L’approche du Grec soulève quand même plusieurs questions. À ce moment-là, le soleil venait seulement de se lever : c’était donc très tôt le matin, surtout pour la plupart des insulaires qui avaient veillé jusqu’à tard dans la nuit pour bien profiter de la fraîcheur qui descendait de la voûte étoilée. C’était donc très tôt le matin, et le Grec était déjà aux aguets !
Autre question : comment le Grec savait-il que ce matin-là, il fallait qu’il se mette aux aguets ? En effet, jusqu’à la veille, personne ne savait que nous avions pris la décision de partir ce matin-là, et de bonne heure, en plus. Personne, même pas la capitainerie, qui était habituée à ce que nous prolongions sans cesse notre séjour, et toujours à la dernière minute, à cause du caractère extrêmement changeant du vent. Ce matin-là, nous aurions pu très bien prolonger, pour la quatrième fois et encore à la dernière minute, notre séjour. Donc personne n’a pas donné l’alerte au Grec pour que ce matin-là, celui-ci se mette dans la position du guetteur. Autrement dit, le Grec a toujours occupé cette position de guetteur : il a été missionné pour nous surveiller nuit et jour, inlassablement. Il était le pion qu’utilisait le cerveau mafieux local pour récupérer le bout de quai tant convoité.

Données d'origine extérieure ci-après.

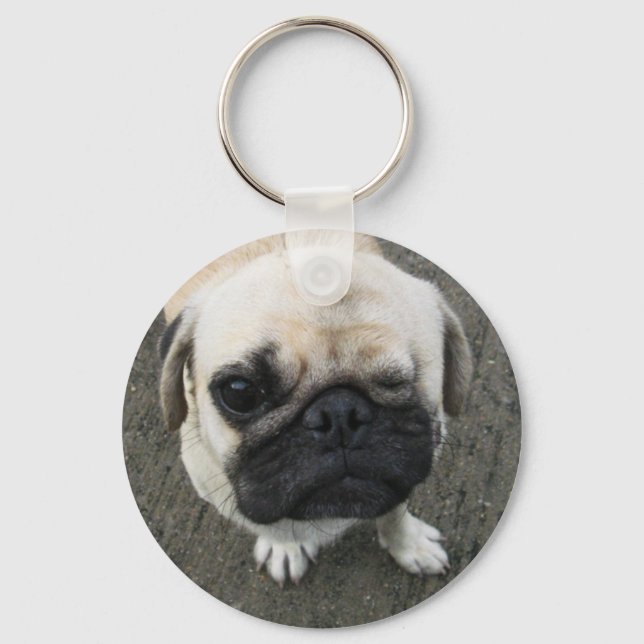Bauwk ... Pug Dog ... かわいい 子犬 Keychain (Front)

Autre question encore : avant de tourner les talons pour repartir dans la direction d’où il était venu, le Grec a dit, non sans balbutier : « I am of the port authority » (en français : Je suis de l’autorité portuaire »). Huit jours plus tard, pendant que le mousse faisait des photos de la fontaine ottomane sur la Grand’Place de Χίος (transcription : Khios), il a été tenu d’expliquer son activité de l’instant à un Grec qui s’est présenté avec ces mots : « I am from the police » (en français : Je suis de la police). Tout de suite après avoir dit son statut, le Grec de Χίος a montré sa carte professionnelle. Le Grec de Πάτμος, lui, ne nous a montré aucun papier officiel. Peut-être que ce qu’il disait concernant son statut était vrai. Peut-être aussi que ce n’était qu’une mascarade. En tout cas, le balbutiement n’apportait pas de la crédibilité en sa faveur. Ce qui était sûr et certain, c’était qu’il n’avait pas du tout la conscience tranquille et que le malaise créé par le sentiment de l’intrusion l’a obligé à se justifier, après coup, et non dès les premiers instants.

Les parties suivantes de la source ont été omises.